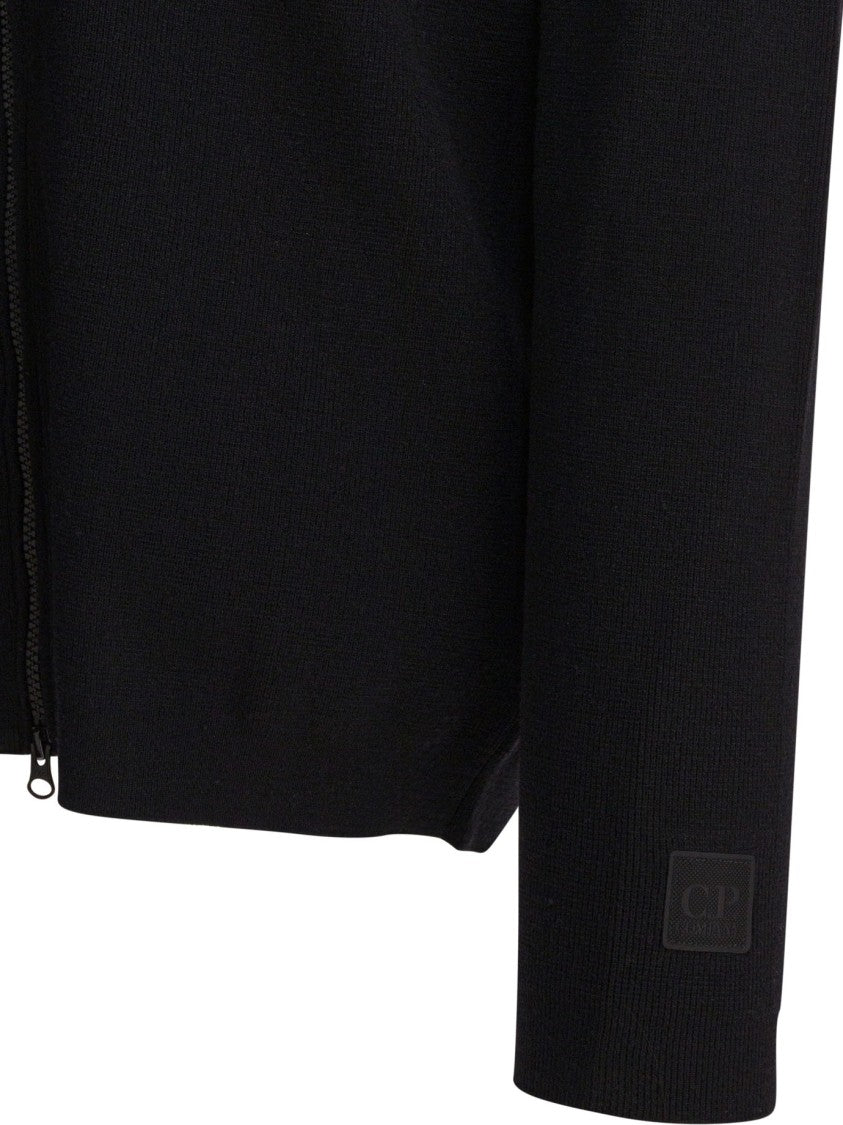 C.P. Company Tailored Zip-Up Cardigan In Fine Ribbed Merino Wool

...

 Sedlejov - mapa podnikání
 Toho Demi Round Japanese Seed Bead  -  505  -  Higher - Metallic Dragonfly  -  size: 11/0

---

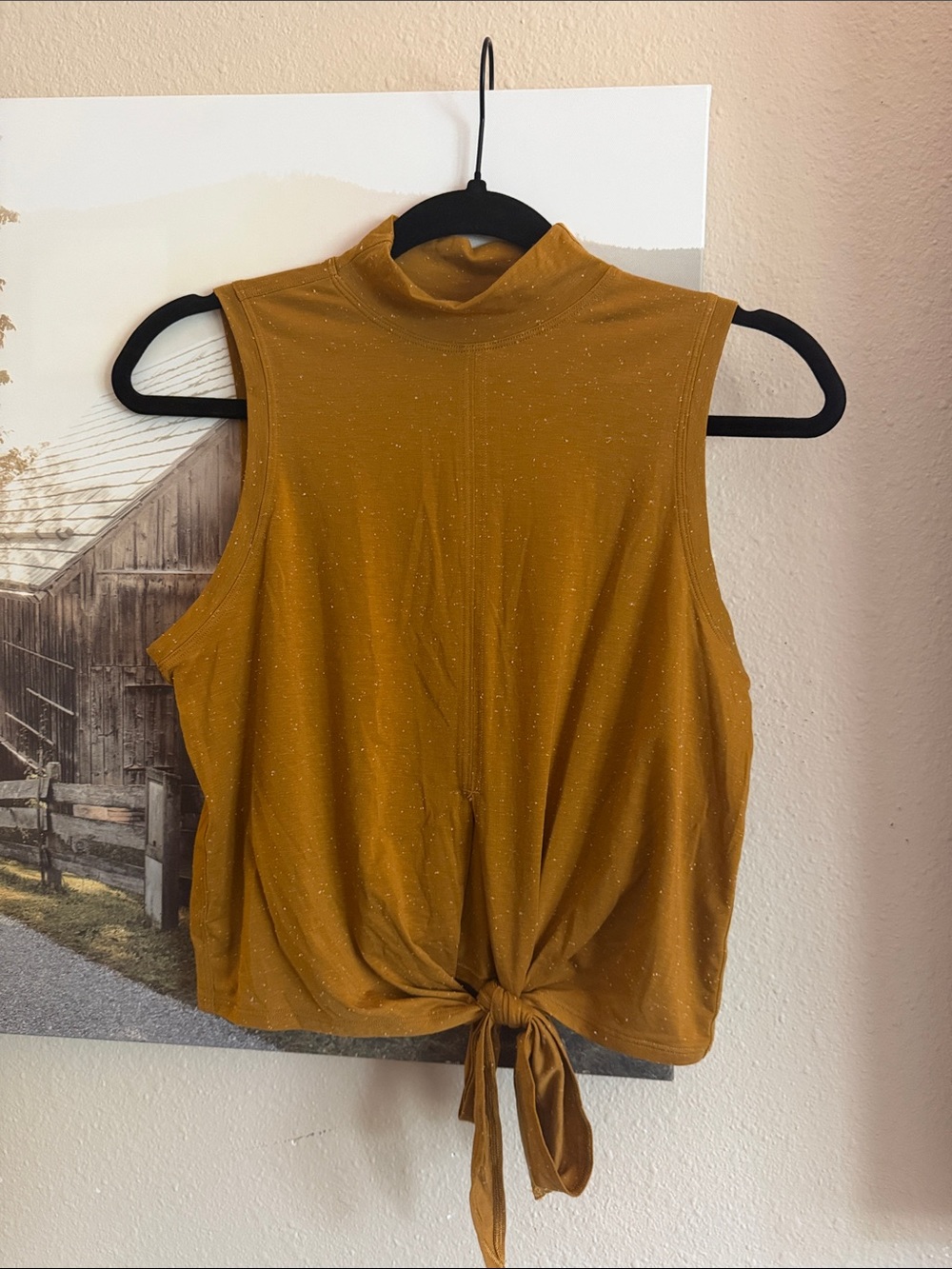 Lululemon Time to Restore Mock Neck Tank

What to work on
In the entries above, please find the line with "Sedlejov - mapa podnikání" and the line with "Toho Demi Round", then write out exactly those two lines and every line between them, and nothing more.

Answer area
 Sedlejov - mapa podnikání
 Toho Demi Round Japanese Seed Bead  -  505  -  Higher - Metallic Dragonfly  -  size: 11/0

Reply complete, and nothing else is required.